What should have been done instead of introducing a fixer-upper like FCoE is that the industry should have come up with an entirely new concept of managing, transporting and storing data. This should have been created based on todays requirements which include security (like authentication and authorization), retention, (de-)duplication , removal of awareness of locality etc. Your data should reside in a container which is a unique entity on all levels from application to the storage and every mechanism in between. This container should be treated as per policy requirements encapsulated in that container and those policies are based on the content residing in there. This then allows for a multitude of properties to be applied to this container as described above and allows for far more effective transport

Now this may sound like trying to boil the ocean but try to think 10 years ahead. What will be beyond FCoE? Are we creating FCoEoXYZ? 5 Years ago I wrote a little piece called “The Future of Storage” which more or less introduced this concept. Since then nothing has happened in the industry to really solve the data growth issue. Instead the industry is stacking patch upon patch to circumvent current limitations (if any) or trying to generate a new revenue stream with something like the introduction of FCoE.

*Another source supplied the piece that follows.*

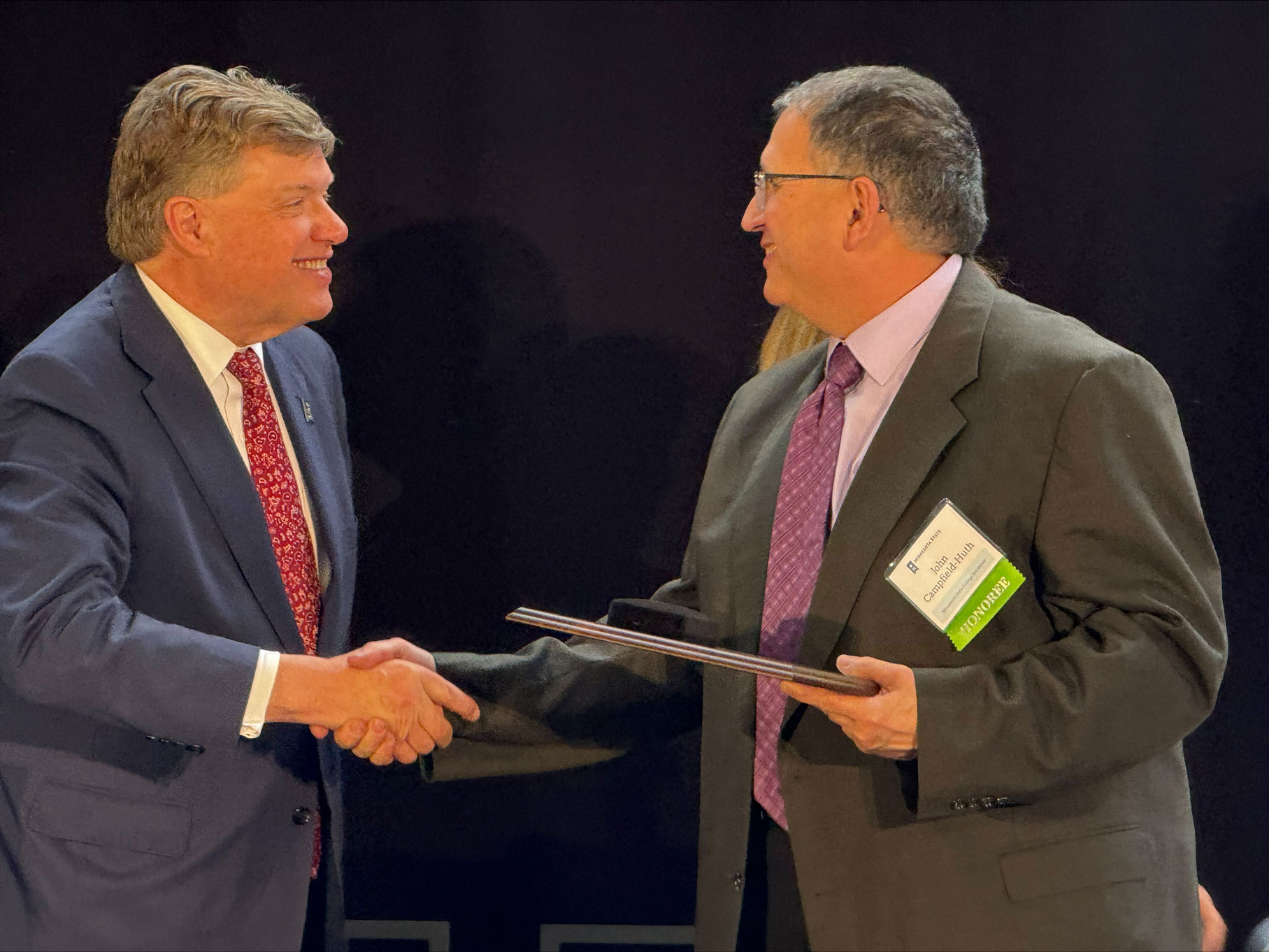 Minnesota State Chancellor Scott Olson (left) shakes hands with Southeast Band Instrument Repair instructor John Huth, after Huth was honored as Educator of the Year.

Again, I don’t hold anything against FCoE from a technology perspective and I respect and admire Silvano Gai and the others at T11 what they’ve accomplished in little over three years but I think it’s a major step in the wrong direction. It had the wrong starting point and it tries to answer a question without anyone asking.

For all the above reasons I still do not advise to adopt FCoE and urge you to push your vendors and their engineering teams to come up with something that will really help you to run your business and not patching up “issues” you might not even have.

Constructive comments are welcome.

Kind regards,
Erwin van Londen